(Stored entries)
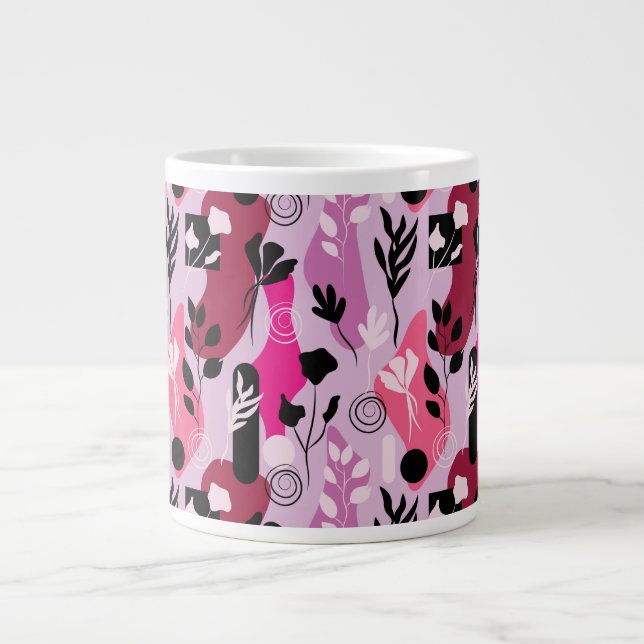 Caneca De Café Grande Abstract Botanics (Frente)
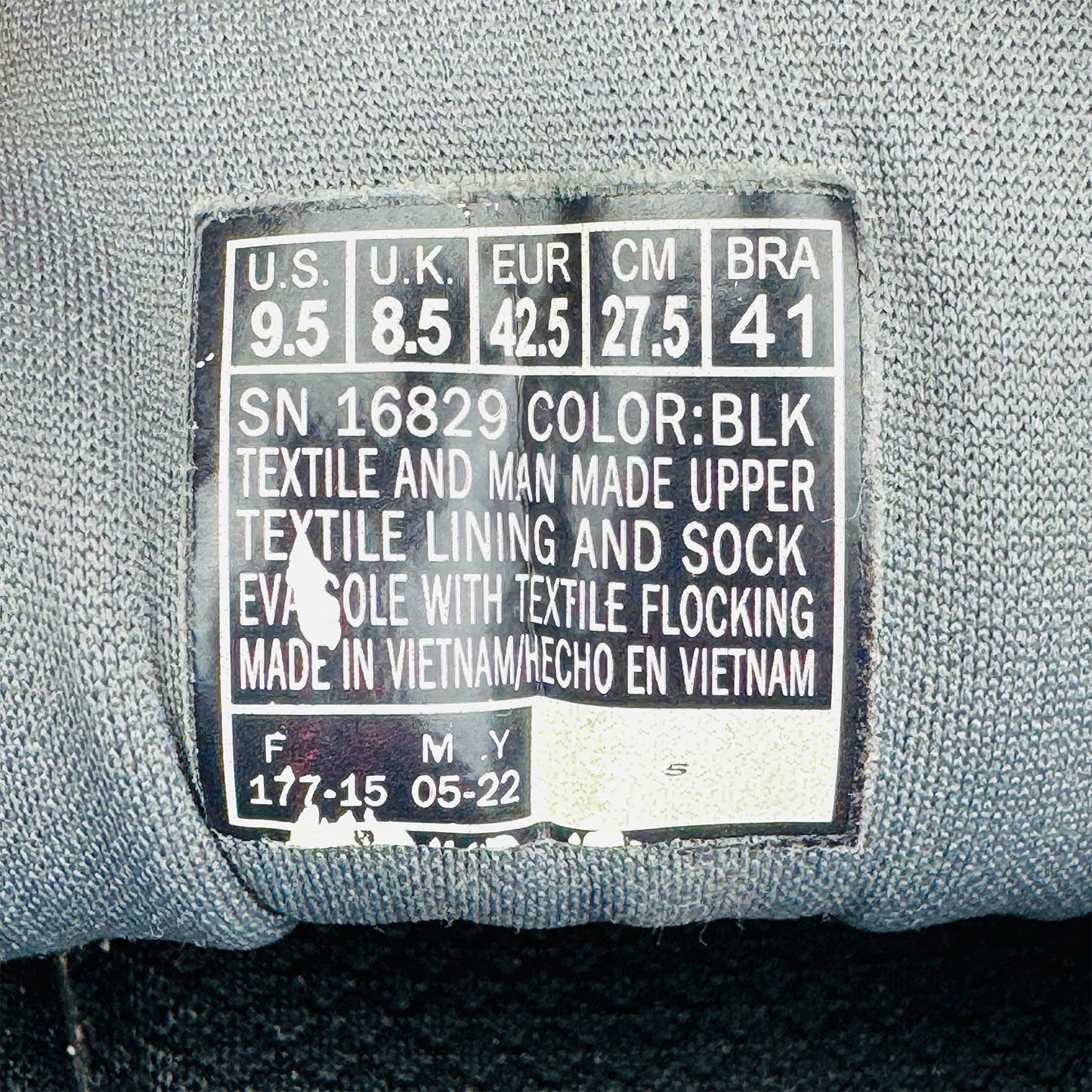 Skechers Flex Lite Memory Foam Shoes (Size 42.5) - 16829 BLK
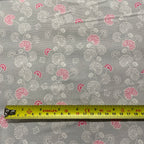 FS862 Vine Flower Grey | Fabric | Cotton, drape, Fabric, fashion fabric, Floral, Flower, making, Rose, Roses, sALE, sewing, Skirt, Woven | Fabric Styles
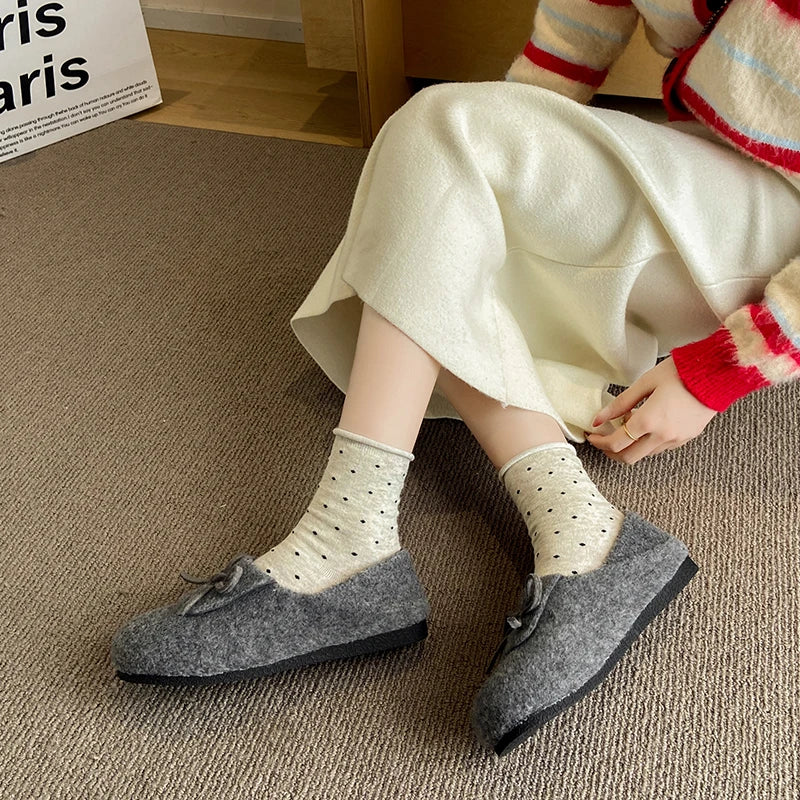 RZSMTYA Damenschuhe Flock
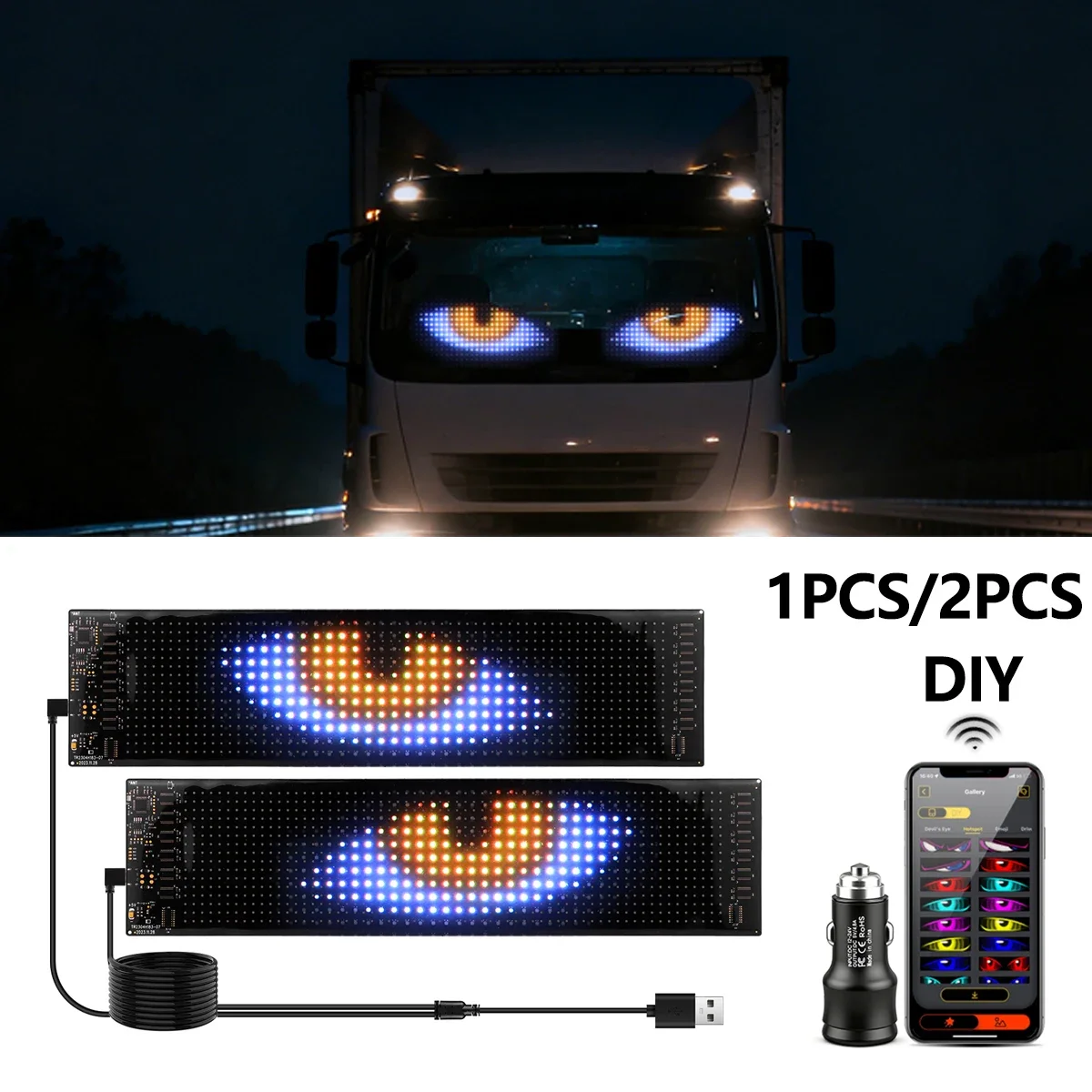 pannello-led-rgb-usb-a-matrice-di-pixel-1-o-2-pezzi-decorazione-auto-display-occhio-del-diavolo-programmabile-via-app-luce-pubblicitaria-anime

■ Assigned task: Your answer must be the records above, word for word, with every picture left out.

■ Result of the task:
 Caneca De Café Grande Abstract Botanics (Frente)
 Skechers Flex Lite Memory Foam Shoes (Size 42.5) - 16829 BLK
 FS862 Vine Flower Grey | Fabric | Cotton, drape, Fabric, fashion fabric, Floral, Flower, making, Rose, Roses, sALE, sewing, Skirt, Woven | Fabric Styles
 RZSMTYA Damenschuhe Flock
 pannello-led-rgb-usb-a-matrice-di-pixel-1-o-2-pezzi-decorazione-auto-display-occhio-del-diavolo-programmabile-via-app-luce-pubblicitaria-anime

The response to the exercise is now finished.